I know, it kind of makes up for all the nasty bad press and ugly tweets we see about you. Often you are in the news because your flights get delayed, or sometimes in some act of surprise, completely skipped.

Read | Air India flight checked for bomb after call, turns out to be hoax

Or else we hear of pilots either jumping ship to other airlines (er, should that be jumping aircraft?). Or we hear news about how the government plans to bail you out for the umpteenth time with a revival plan.

Frankly, we sometimes think your name should be changed from Air India to Oxygen India, but we shall let that pass. We sometime hear that you will be having an IPO or you will be privatised. Or not. But it kind of gets stretched, a bit like Pakistan’s help to India for the 26/11 trial. Sometimes we get to see strange ads in which a business class passenger gets that royal treatment from your air hostesses and there is nice music playing. We do hope to get some real-life anecdotes to match the ads some day. Sometimes, we hear weighty stuff about how you want to slim down your cabin crew.

You try hard, don’t you?

I mean, you have to keep everyone happy: mantris, bureaucrats, pilots, employee unions the most. Sometimes you think of passengers. We are so glad you do.

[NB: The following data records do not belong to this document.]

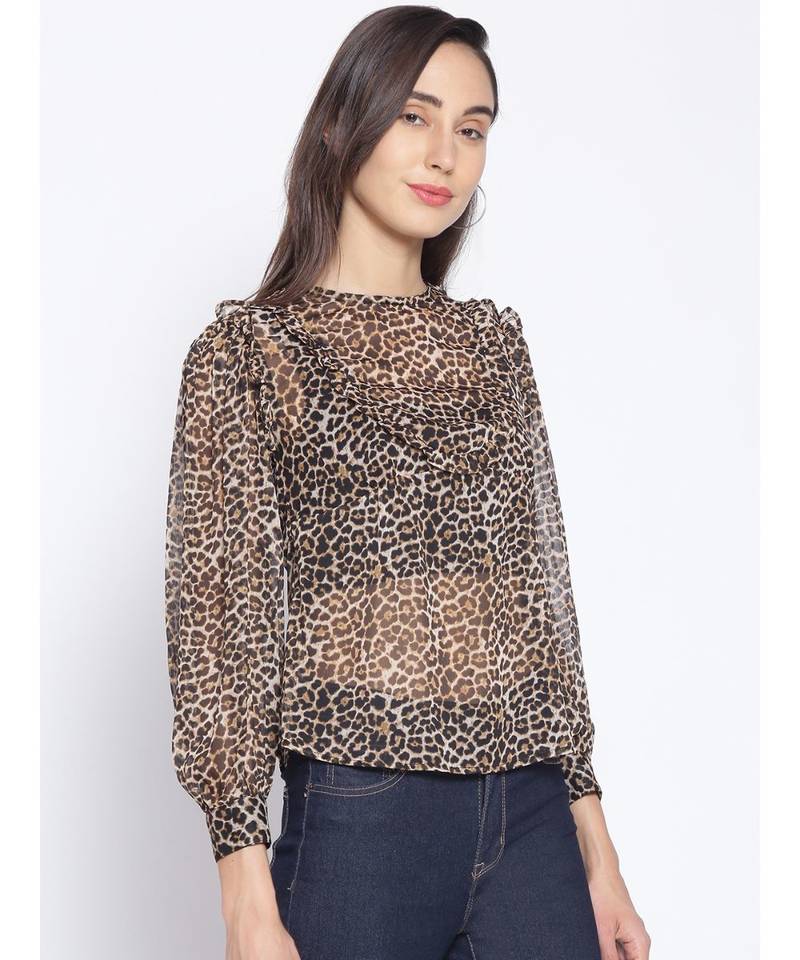printed Brown Polyester   Top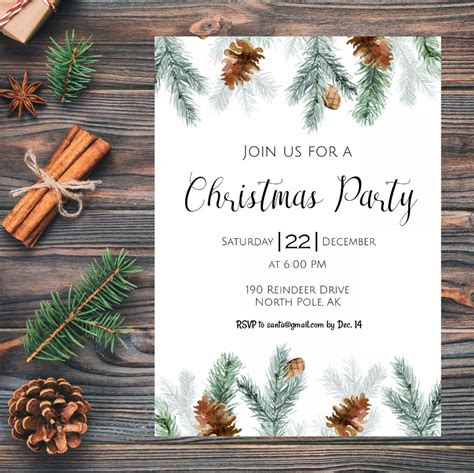 Editable Free Christmas Invitation Templates Word Get In The Christmas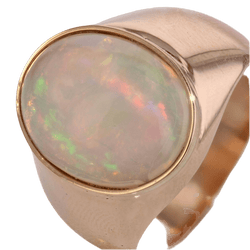 Bague Jonc en or jaune et opale - Castafiore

So it is nice to hear that you are celebrating International Women’s Day in style.

Read | Scaling new heights: Meet the crew of the ‘historic’ all-women’s flight

But we do think you need to change a thing or two.

Why do they call your flight attendants as air hostesses? Curious to know. I mean, are your male flight attendants called air hosts? We so think it is a tad sexist. Do you agree?

And then there is the small matter of your mascot: The Maharaja.

You officially tell us that your mascot looks like royalty but isn’t quite royal. We are trying to figure that one.

But we do think the Maharaja is a leftover from the colonial times, when it was cool to be royalty. It was still okay later, because you made that money (known by the tired cliché, precious foreign exchange) by offering royal privileges to phoren travellers so that some starving Indians could make their lives better.

Things have changed. It is time you had a mascot that reflects the spirit you show when you fly an all-woman crew to San Francisco. The Maharajah (spelt by you thus with an extra H to remind us of British rulers) is a male symbol of inheritance and entitlement and feudal rules. San Francisco is that hub of the Silicon Valley, where meritocracy rules and women and gays live easier lives.

It is time you did a few more things to match your all-woman flight.

Like, for instance, some on-time performance.

Thank you for your attention. Hope you enjoyed this flight of fancy. The temperature outside is…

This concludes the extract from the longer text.